Alice is the youngest daughter of Lord Chris Patten of Barnes, the 28th and last British Governor General of Hong Kong. And her tears on that historical night of June 1997, when Hong Kong was handed over to China, still remain the abiding image of Britain's retreat from its last post.
Rang de Basanti is her first film after several television and theatre roles. Its opening weekend set a box-office record and it is still in the Indian Top Ten.

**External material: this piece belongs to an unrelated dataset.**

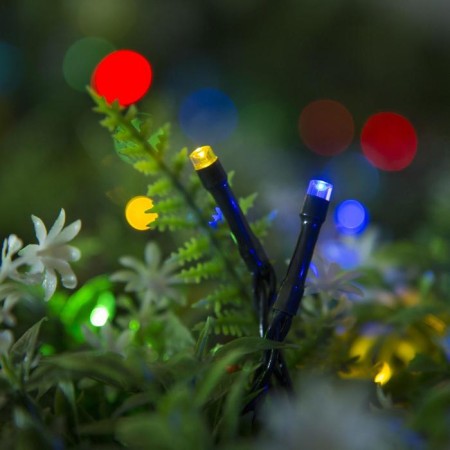 Garland "thread" 20 m, dark thread, 200 LED, glow of multi, 2 modes, solar battery-3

Tells Alice: "It's a very different kind of Indian film — not your typical Bollywood fare. There are no big song-and-dance sequences, which is a shame, in a way, because I would have liked to have had that experience. But there is one party scene where there's music. I try and join in with the dancing and look fairly foolish."
Last year Antonia Bernath, 23, was cast fresh from drama school in Subhash Ghai's Kisna: The Warrior Poet. Toby Stephens, the son of Dame Maggie Smith, played a British army officer in The Rising, which centred on the events leading up to the Indian Mutiny of 1857, and Sophie Dahl and Saffron Burrows have both made Indian films.
But it is Alice Patten who has arguably made the biggest breakthrough, as her father, now the Chancellor of Oxford University, has discovered. "Films like these are making people across (the world) sit up and take notice," he told the Times of India yesterday.
Ms Patten said: "My father's out in India at the moment on Oxford business. He's being hailed as Alice Patten's dad, and about time, too!"